Mamme single, il lavoro impossibile. Al Sud quasi 1 su 3 perde il posto - QdS

Mamme single, il lavoro impossibile. Al Sud quasi 1 su 3 perde il posto

Serena Giovanna Grasso

Mamme single, il lavoro impossibile. Al Sud quasi 1 su 3 perde il posto

venerdì 30 Maggio 2014

Nel 90% dei casi è presente la figura femmnile della madre, tra queste il 40% è a rischio povertà. Nelle Isole il 14,6% delle famiglie è composto da un genitore e un figlio

PALERMO – La composizione dei nuclei familiari è un tema ricorrente per il QdS. Nel numero del 3 gennaio ci siamo occupati delle famiglie numerose che in Italia stanno sempre più scomparendo (la media del Belpaese vuole che solo il 4% delle famiglie conti un numero superiore ai 5 membri), mentre ancora in Sicilia continuano a resistere, grazie al 7,13%. Oggi invece ci occuperemo delle famiglie composte da un solo genitore ed un solo figlio, dei nuclei che possiamo definire 1+1, in cui il genitore mancante è tale non per morte, ma per interruzione o mancata attivazione della convivenza. Per lo più ciò avviene a seguito di una separazione coniugale, ma sempre più spesso anche per interruzione di una convivenza senza matrimonio, dalle quali sempre più spesso nascone un numero cospicuo di figli.

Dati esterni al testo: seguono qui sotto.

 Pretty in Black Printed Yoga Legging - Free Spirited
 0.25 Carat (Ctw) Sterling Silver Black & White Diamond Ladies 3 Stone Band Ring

Anche nell’analisi odierna sarà l’istituto di statistica nazionale la fonte da cui attingeremo.
In questo caso possiamo affermare che nelle Isole la percentuale media di famiglie 1+1 in linea di massima si conforma con quella registrata nel resto del territorio nazionale attestandosi al 14,6%. Seppur di poco, da questo dato percentuale si discosta il Sud con il 15,4%, ma soprattutto il Centro con il 17,7%. Com’è d’altronde facilmente intuibile, nel 90% dei casi tale tipologia di famiglia è costituita dalla figura genitoriale femminile e nel solo 10% dei casi si tratta di famiglie in cui è il padre ad assumere ogni responsabilità nella crescita del proprio figlio.
Ed è proprio consequenzialmente alle maggiori difficoltà lavorative in cui si imbatte la donna che il 40% delle madri monogenitori è a rischio povertà.
Infatti, secondo il rapporto annuale 2014 “La situazione del Paese” dell’Istat, pubblicato il 28 maggio, è proprio nel Mezzogiorno che si ravvisa la difficoltà maggiore nel mantenere il lavoro nel periodo immediatamente successivo alla maternità.
Al Sud la quota di donne che ha perso il lavoro a distanza di due anni dal parto nel 2012 ha toccato il 29,8%, contro una media nazionale del 22,3% (oltre 7 punti percentuali in più). A ciò aggiungiamo anche le maggiori difficoltà per le donne a trovare lo stesso lavoro: nel Meridione la quota di donne occupate nel 2013 si è attestata al 27,6%, in calo rispetto al 2008 di ben 8,2 punti percentuali e ben 13 punti percentuali inferiore nell’anno appena trascorso rispetto all’occupazione media femminile di tutta la Penisola. Dunque, al Sud maggiori difficoltà per le donne monogenitori non solo al momento di mantenere il lavoro dopo esser diventate mamme, ma anche di trovare la stessa occupazione in generale; tutto ciò rende fin troppo facile l’insorgere di situazioni di povertà, agevolate dall’assenza di una figura genitoriale alternativa che si occupi di versare gli alimenti.
A questa prospettiva, dobbiamo inoltre aggiungere le inefficienze che riserva il welfare. è infatti in aumento anche la quota di donne con figli piccoli che lamentano le difficoltà di conciliazione tra chi il lavoro lo mantiene (dal 38,6 per cento al 42,7 per cento). Pertanto, qualora la donna riesca a mantenere il proprio lavoro, incontrerà un sistema di assistenza all’infanzia, rappresentato dalla presenza di asili nido, decisamente insufficiente.
In particolar modo, la Sicilia presenta in ogni parametro (percentuale di Comuni coperti dal servizio e indice di copertura territoriale del servizio per 100 bambini 0-2 anni residenti nella regione) presenta valori nettamente al di sotto rispetto alla media italiana per l’anno 2011. Infatti, nell’Isola solo il 37,9% dei Comuni è coperto da servizi di asilo nido, oltre 10 punti percentuali in meno rispetto alla media nazionale. A quest’ultimo dato è correlata la garanzia di copertura a 68,7 bambini ogni 100 (9 bambini in meno rispetto al dato medio italiano).